The Go Blog
How Go Mitigates Supply Chain Attacks
Modern software engineering is collaborative, and based on reusing Open Source software. That exposes targets to supply chain attacks, where software projects are attacked by compromising their dependencies.
Despite any process or technical measure, every dependency is unavoidably a trust relationship. However, the Go tooling and design help mitigate risk at various stages.
All builds are “locked”
There is no way for changes in the outside world—such as a new version of a dependency being published—to automatically affect a Go build.
Unlike most other package managers files, Go modules don’t have a separate list
of constraints and a lock file pinning specific versions.

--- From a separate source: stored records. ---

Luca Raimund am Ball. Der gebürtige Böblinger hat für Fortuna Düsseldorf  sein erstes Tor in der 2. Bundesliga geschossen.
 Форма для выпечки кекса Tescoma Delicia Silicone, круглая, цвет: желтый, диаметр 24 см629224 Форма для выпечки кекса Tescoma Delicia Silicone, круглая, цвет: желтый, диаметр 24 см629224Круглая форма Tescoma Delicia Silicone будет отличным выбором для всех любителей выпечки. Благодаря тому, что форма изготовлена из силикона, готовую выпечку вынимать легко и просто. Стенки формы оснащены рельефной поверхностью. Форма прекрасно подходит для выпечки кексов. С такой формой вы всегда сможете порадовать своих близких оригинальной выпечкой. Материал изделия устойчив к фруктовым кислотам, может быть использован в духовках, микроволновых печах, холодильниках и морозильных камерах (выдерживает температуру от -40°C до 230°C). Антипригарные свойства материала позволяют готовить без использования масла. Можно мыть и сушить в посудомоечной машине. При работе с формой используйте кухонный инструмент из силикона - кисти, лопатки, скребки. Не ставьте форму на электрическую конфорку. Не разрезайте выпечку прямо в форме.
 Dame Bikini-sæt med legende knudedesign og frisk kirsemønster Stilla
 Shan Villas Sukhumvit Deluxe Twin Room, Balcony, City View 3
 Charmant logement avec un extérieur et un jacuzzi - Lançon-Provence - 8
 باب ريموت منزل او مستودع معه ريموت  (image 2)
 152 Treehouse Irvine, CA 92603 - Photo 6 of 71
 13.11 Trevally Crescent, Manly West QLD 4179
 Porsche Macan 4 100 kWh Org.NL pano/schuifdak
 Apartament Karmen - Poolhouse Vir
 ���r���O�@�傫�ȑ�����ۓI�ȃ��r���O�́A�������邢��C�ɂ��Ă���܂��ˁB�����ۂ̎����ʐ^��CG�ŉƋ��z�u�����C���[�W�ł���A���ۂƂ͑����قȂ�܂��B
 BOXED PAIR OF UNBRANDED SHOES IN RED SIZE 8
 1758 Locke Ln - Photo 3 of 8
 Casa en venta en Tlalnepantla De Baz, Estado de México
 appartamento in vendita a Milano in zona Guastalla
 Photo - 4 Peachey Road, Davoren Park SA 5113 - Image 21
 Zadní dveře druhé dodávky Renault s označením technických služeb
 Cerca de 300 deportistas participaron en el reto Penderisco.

The version of every dependency contributing to any Go build is fully determined
by the go.mod
file of the main module.
Since Go 1.16, this determinism is enforced by default, and build commands (go build
, go test
, go install
, go run
, …) will fail if the go.mod is
incomplete.
The only commands that will change the go.mod
(and therefore the build) are
go get
and go mod tidy
.
These commands are not expected to be run automatically or in CI, so changes to
dependency trees must be made deliberately and have the opportunity to go
through code review.
This is very important for security, because when a CI system or new machine
runs go build
, the checked-in source is the ultimate and complete source of
truth for what will get built.
There is no way for third parties to affect that.
Moreover, when a dependency is added with go get
, its transitive dependencies
are added at the version specified in the dependency’s go.mod
file, not at
their latest versions, thanks to
Minimal version selection.
The same happens for invocations of
go install example.com/cmd/devtoolx@latest
, the equivalents of which in some
ecosystems bypass pinning.
In Go, the latest version of example.com/cmd/devtoolx
will be fetched, but
then all the dependencies will be set by its go.mod
file.
If a module gets compromised and a new malicious version is published, no one will be affected until they explicitly update that dependency, providing the opportunity to review the changes and time for the ecosystem to detect the event.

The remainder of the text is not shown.